Concerning Blackshirt
By Roderic Jeffries
Richard Verrell is looking forward to a quiet weekend in Kent.
It certainly starts out that way – that is until he wanders across his host’s fields for a spot of rough-shooting.
Coming across a little garden shed, he’s amazed to find an immense ‘blower four and a half’ Bentley inside.
Arriving back at the house, he convinces himself that something isn’t right and returns to the shed accompanied by his host.
To their horror, they find themselves under heavy gunfire before the Bentley roars to a hurried getaway.
Unhurt, they manage to scurry to safety to another nearby shed – where Verrell trips over the body of a dead man.
Would any man ask for a better incentive to rush headlong into an affair that does not in the least concern him? Certainly Blackshirt would not.
But then Blackshirt is … Blackshirt.
Chasing women, money, revolvers and dangerous secrets, Blackshirt sets out to get to the bottom of his gruesome discovery…
Roderic Jeffries was born in London in 1926 and was educated at Harrow View House Preparatory School and the Department of Navigation, University of Southampton.

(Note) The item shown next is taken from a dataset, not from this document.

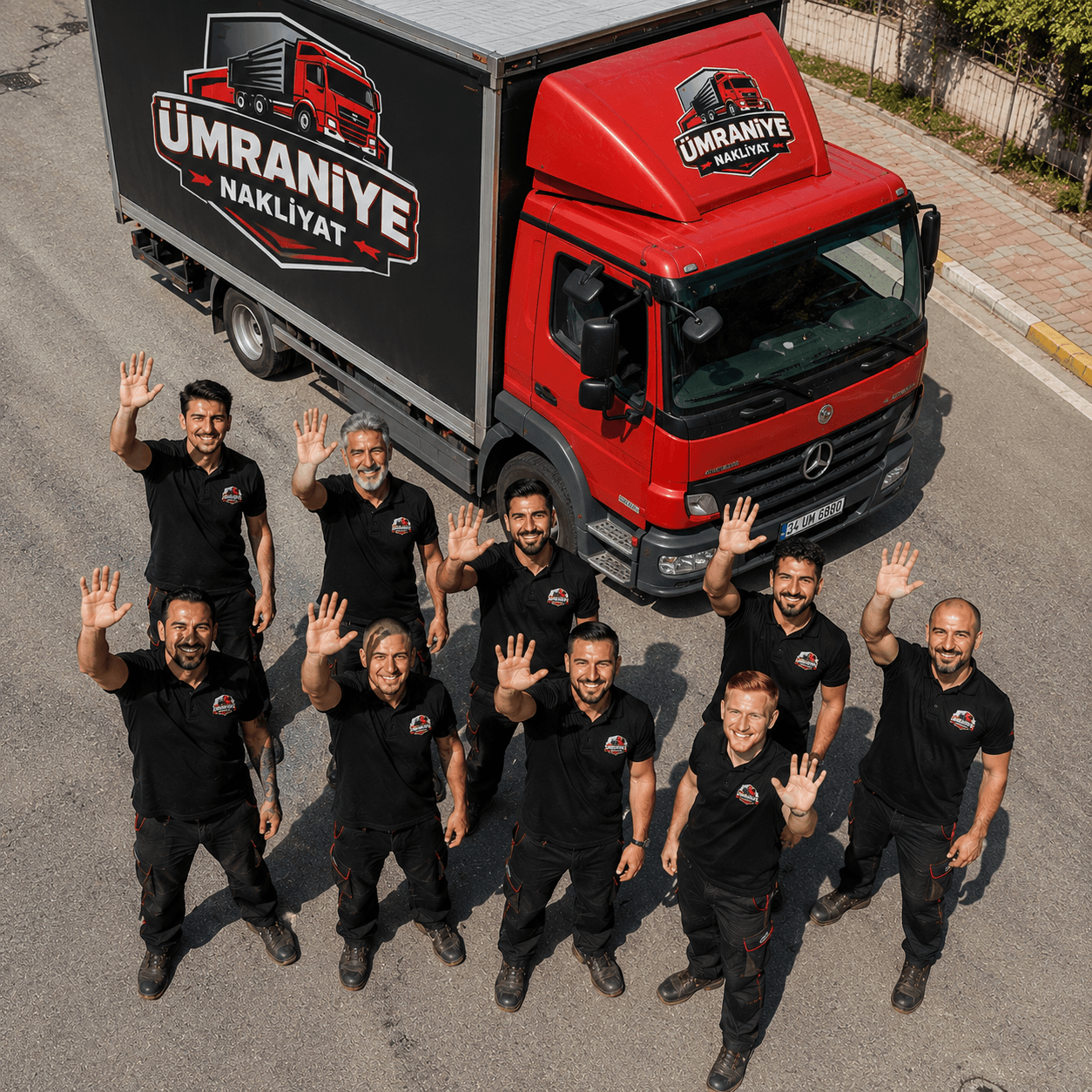 Ümraniye evden eve nakliyat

In 1943, he joined the New Zealand Shipping Company as an apprentice and sailed to Australia and New Zealand, but later transferred to the Union Castle Company in order to visit a different part of the world. He returned to England in 1949 where he was admitted to the Honourable Society of Gray’s Inn and read for the Bar at the same time as he began to write. He was called to the Bar in 1953, and after one year’s pupilage, practiced law for a few terms during which time there to write full time. His first book, a sea story for juveniles, was published in 1950.